Note: When using a component as part of the a job you must use TxSinglePoint. So in you Component define:
`typescript
let mountpoint = TxSinglePointRegistry.instance.create('GITHUB::GIST::C1');
``

Define a Job as follow:
``typescript
let job = new TxJob();

job.add(TxSinglePointRegistry.instance.get('GITHUB::GIST::C1'));
job.add(TxSinglePointRegistry.instance.get('GITHUB::GIST::C2'));
job.add(TxSinglePointRegistry.instance.get('GITHUB::GIST::C3'));

job.execute(new TxTask(
'create',
'begin',
{something: 'more data here'})
);
``
This will run the components in the order they defined. This is a very simple verision of the exection options.
job.execute include many more options like persist, recording, run-until and so on.

Understand MountPoints

A 'mountpoint' is a borker object, a meeting point, able to communicate by between parts (usually classes) using different method of public / subscribe.
MountPoint ofer two way communications one is 'tasks' is send data from the caller and other for 'reply' where the receiver able to ger reply back. Some mountpoint may diffeently like TxSinglePoint is a type of mountpoint which has no reply channel, you can just send the data.
Other example is TxRoutePoint where the reply is receiving as the return value of next methof.

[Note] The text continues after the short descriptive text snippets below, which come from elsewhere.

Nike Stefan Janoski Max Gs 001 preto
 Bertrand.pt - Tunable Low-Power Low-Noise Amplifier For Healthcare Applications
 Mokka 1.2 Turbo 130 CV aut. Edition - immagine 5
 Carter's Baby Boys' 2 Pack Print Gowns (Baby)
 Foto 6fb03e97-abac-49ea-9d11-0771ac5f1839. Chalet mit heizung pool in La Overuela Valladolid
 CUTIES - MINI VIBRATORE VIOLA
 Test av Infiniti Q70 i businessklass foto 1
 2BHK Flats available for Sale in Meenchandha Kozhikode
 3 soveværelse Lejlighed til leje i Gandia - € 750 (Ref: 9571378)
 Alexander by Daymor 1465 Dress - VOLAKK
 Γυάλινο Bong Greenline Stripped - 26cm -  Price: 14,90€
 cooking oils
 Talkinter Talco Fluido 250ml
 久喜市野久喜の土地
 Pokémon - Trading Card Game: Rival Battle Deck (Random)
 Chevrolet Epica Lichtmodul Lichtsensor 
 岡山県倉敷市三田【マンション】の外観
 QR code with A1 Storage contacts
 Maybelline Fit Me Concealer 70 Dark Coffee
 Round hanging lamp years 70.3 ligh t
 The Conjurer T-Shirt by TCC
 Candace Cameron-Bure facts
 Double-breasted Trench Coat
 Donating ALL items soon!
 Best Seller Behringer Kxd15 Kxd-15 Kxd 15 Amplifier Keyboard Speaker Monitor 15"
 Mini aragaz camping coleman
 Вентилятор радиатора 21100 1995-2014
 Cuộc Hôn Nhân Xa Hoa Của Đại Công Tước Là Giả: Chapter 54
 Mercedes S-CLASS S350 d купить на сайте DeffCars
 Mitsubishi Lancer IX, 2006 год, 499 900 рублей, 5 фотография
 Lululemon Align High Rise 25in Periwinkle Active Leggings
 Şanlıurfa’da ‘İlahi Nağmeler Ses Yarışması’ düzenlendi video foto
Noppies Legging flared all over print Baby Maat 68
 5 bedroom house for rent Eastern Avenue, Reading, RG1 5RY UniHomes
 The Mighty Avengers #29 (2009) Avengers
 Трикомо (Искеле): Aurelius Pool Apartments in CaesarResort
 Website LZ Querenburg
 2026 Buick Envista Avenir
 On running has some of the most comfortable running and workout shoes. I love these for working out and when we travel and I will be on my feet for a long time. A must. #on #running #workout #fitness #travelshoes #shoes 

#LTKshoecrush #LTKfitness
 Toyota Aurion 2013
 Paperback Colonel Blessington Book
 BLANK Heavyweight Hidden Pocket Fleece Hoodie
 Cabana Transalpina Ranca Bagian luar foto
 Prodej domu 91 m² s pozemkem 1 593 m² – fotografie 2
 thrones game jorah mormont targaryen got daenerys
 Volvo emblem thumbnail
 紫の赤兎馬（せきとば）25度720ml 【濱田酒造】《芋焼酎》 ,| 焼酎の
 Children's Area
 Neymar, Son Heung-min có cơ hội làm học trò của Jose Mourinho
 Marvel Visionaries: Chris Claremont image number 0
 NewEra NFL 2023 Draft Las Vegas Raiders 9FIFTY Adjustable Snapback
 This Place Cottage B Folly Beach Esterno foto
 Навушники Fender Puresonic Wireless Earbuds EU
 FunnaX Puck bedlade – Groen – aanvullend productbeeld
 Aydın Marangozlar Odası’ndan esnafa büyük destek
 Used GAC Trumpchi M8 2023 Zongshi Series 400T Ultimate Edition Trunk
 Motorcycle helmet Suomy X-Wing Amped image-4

MountPoint is identify by its unique name (a string or a Symbol). It must be unique in a process and if you use publication then is must be unique among all services / processes

A Component which create a mountpoint use the follow:
``typescript
mountpoint = TxMountPointRegistry.instance.create();
``

To subscribe on this mountpoint use:
``typescript
mountpoint.tasks().subscribe(
(task: TxTask) => {
// ... you suff here

// just send the reply to whom is 'setting' on this reply subject
task.reply().next(new TxTask({any-head-object}, {any-data-object}))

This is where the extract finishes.